Dentro do barraco somente uma velha cama com colchão de palha forrada com
trapos e algumas panelas sobre um armário. Seus bens mais preciosos cabiam
dentro de uma lata vazia de leite em pó. Ali eram guardados a certidão de
nascimento e um folheto evangélico, nada mais. “Quando quiser escrever uma
carta (e pretende pedir uma casa ao Governo), recorrerá à dona Maria e ao seu
Miguel, os compadres crentes”.
- O senhor sabe o nome atual do Presidente da República?
- Não sinhô.
- Quais o que o senhor se lembra?
- O Hermes da Fonseca, o Floriano Peixoto.

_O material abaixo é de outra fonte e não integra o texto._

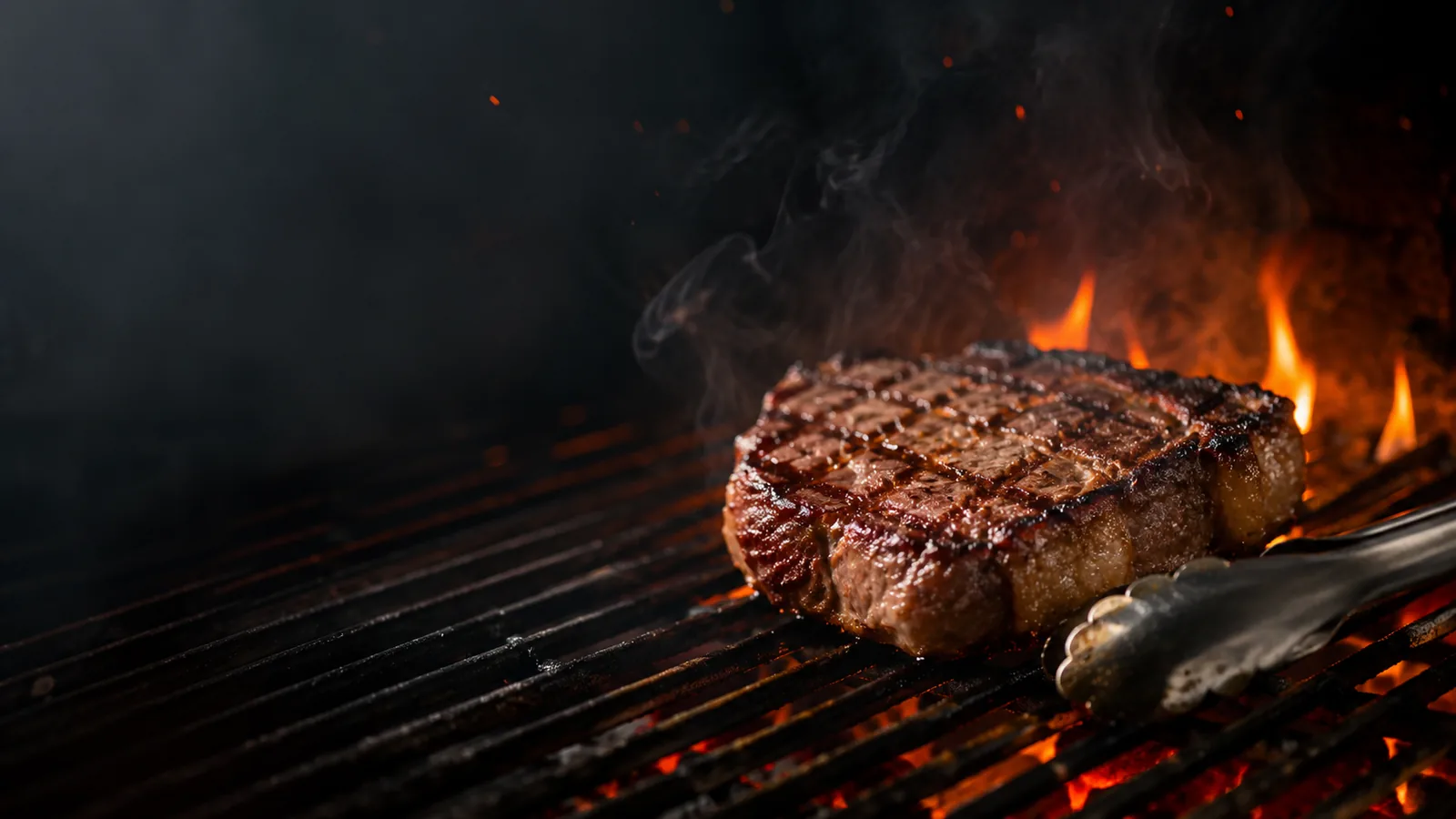 Saftig gegrilltes Steak auf dem Rost mit Flammen im Hintergrund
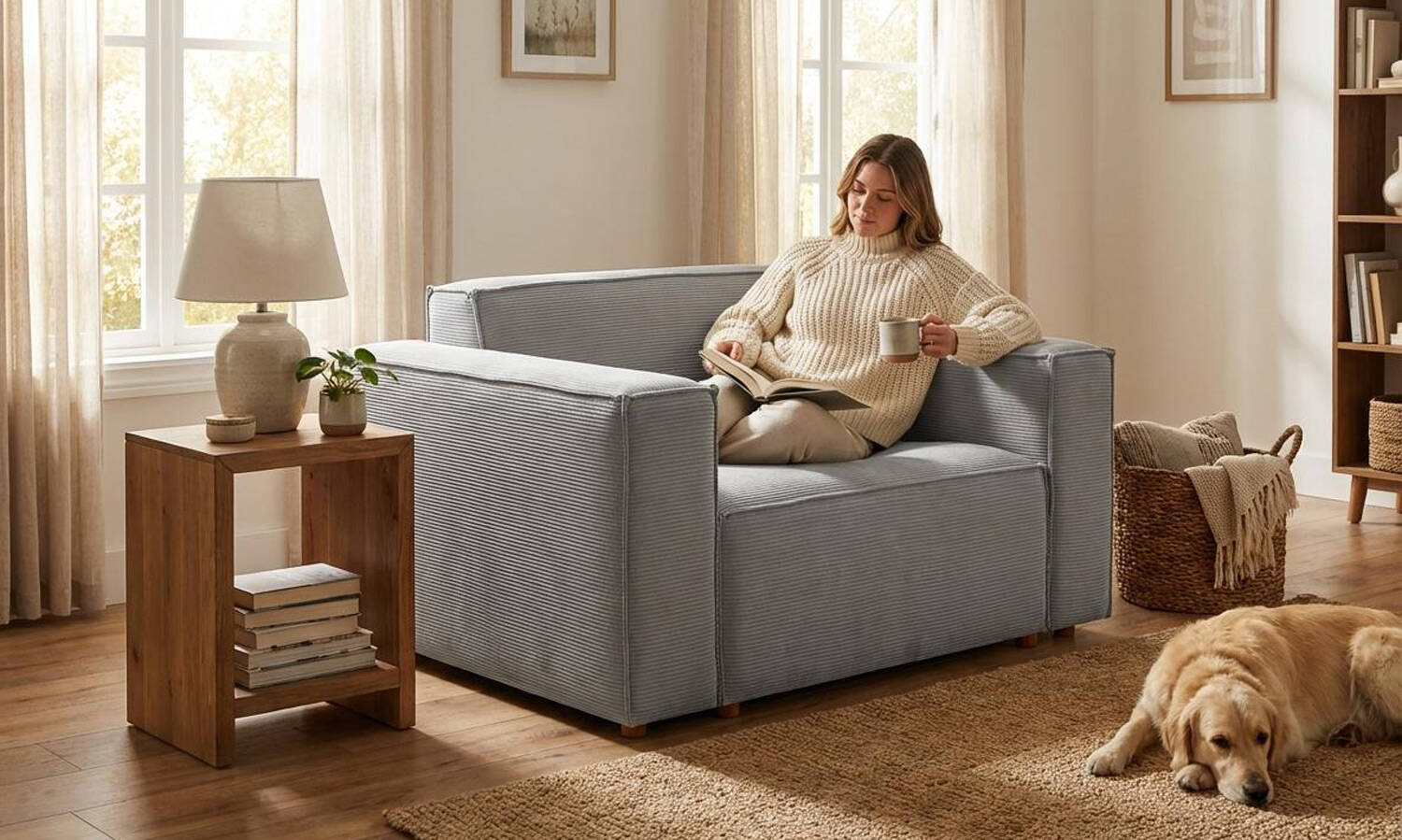 Asana Tekli Fitilli Kadife Gri - 2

“Para ele o mundo era ali. O radio da vizinha irradia ao longe o jogo
Fluminense e Olaria transmitido do Maracanã. Um avião quadrimotor passa baixo
em direção ao Galeão. Vem de longe também música no rádio, ouvindo-se Jards
Macalé cantando “Hei Cantareira” de Jackson do Pandeiro”.
Ali, naquele fim de mundo “Guaraciaba não tem luz, gás, telefone, campainha,
porteiros, síndicos, cobradores, talvez nunca tenha sido recenseado pelo IBGE,
os Correios não sabem seu endereço. Mas dorme com canto de grilos nos matos,
olhando as estrelas nos céus das noites limpas sem poluição”. Na chegada da
noite chuvosa, despediu-se dos repórteres desejando boa viagem e perguntando se
sabiam seguir pela estrada até Magé. Agradecidos, eles prometeram voltar para
atender o seu pedido:
- Trais uns agasaios pra mim, viu? Aqui faz muito frio.